By Ankur Banerjee
SINGAPORE (Reuters) -The U.S. dollar clung to a 2-1/2-month high on Tuesday on expectations the Federal Reserve will take a measured approach to interest rate cuts, while a close battle in the upcoming U.S. election kept investors on edge.
The dollar’s strength, boosted by rising Treasury yields, kept the pressure on the yen, euro and sterling, a theme that has been building over the past few weeks as data showed the U.S. economy remained in a good place, resulting in traders scaling back their bets of large and rapid rate cuts from the Fed.
Four Federal Reserve policymakers expressed support on Monday for further rate cuts, but appeared to differ on how fast or far they believe any cuts should go.
The diverging views provided a taste of what might be expected at the Fed’s upcoming policy meeting on Nov. 6-7.
Markets are pricing in an 89% chance of the Fed cutting rates by 25 basis points (bps) next month, versus a 50% chance a month earlier, when investors saw an equal likelihood of a larger 50 bps cut, the CME FedWatch tool showed.

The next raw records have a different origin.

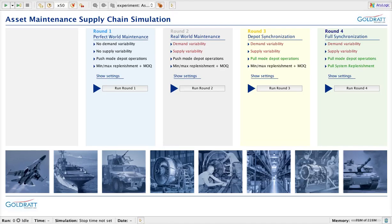Hi, good evening. This is Dr. Alan Barnard. I'm CEO of Goldwood Research Labs, and it's a great honor to present to you our first application that has been submitted and approved by the Mac Apple Store. The application is an asset maintenance supply chain simulation.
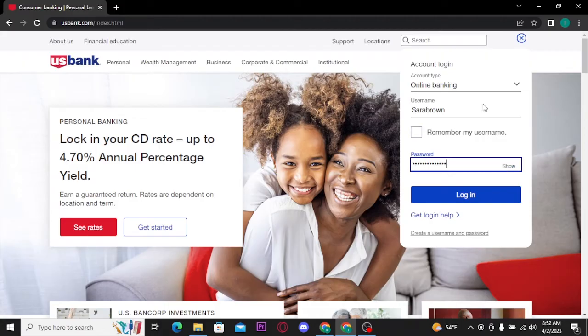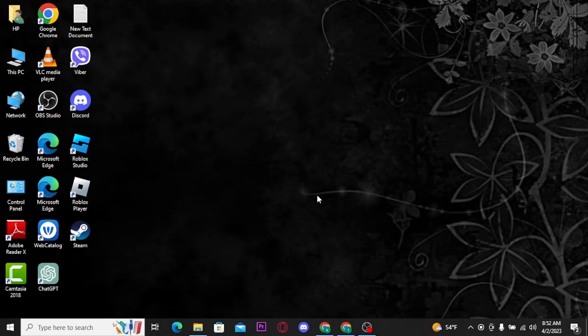Once you're done filling in your US Bank account credentials, tap on the login button. Once you tap on the login button, you will be successfully logged into your US Bank account.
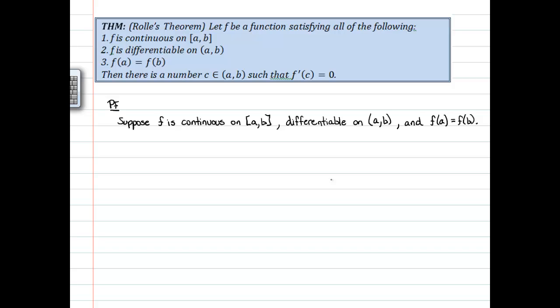We can see a few things that will help us figure out what to do next. f is continuous on the closed interval [a, b], which can be used in many theorems — the intermediate value theorem, the extreme value theorem. I'm thinking of using the extreme value theorem, which tells us that a continuous function on a closed interval must attain its absolute max and absolute min on that interval. Since we're dealing with a graph and want to show the derivative is zero, the extreme value theorem is a good choice here.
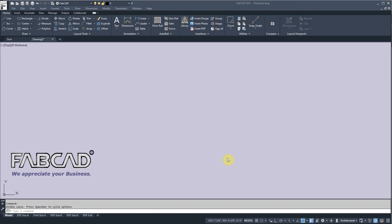Hi, this is Dave Phillippe, and now I want to show you a few of the basic draw commands in FabCAD. We're going to go over the line command, the rectangle command, the arc command, and the circle command.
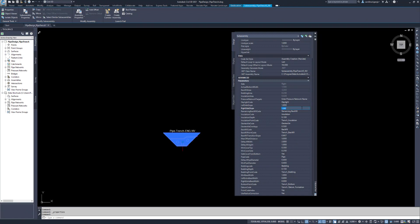The side slope is set for the right and left side individually. Insulation is placed above the backfill and the depth is set using the Insulation Depth property. Set this to zero to get no insulation.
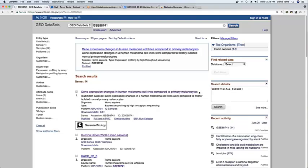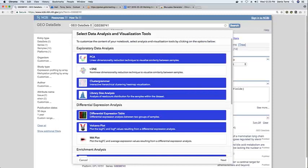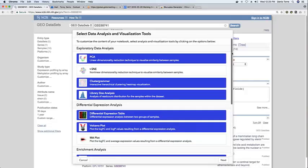And so the Chrome extension adds this button below the search results that users can click on. And this allows users with little to no computational knowledge to start generating a customized analysis notebook of the dataset.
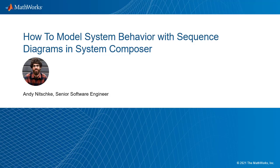Hello, my name is Andy Nitschka, and today I will be discussing how to model system behavior with sequence diagrams in System Composer.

Traders are anticipating overall 41 bps of easing for the rest of the year, with the Fed having kicked off its rate-cut cycle with a 50 bps cut in September.
“The market’s aggressive Fed rate cut expectations have been questioned in the last few week with the U.S. exceptionalism story remaining intact and what Fed speakers hinting are gradual rate cuts from here,” Charu Chanana, chief investment strategist at Saxo.
“This, together, with the betting odds of a Trump 2.0 picking up has brought another leg of gains for the U.S. dollar.”
The which measures the U.S. currency versus six rivals was last at 103.93 in Asian hours, having reached 104.02 on Monday, its highest since Aug. 1. The index is on course for an over 3% gain in the month.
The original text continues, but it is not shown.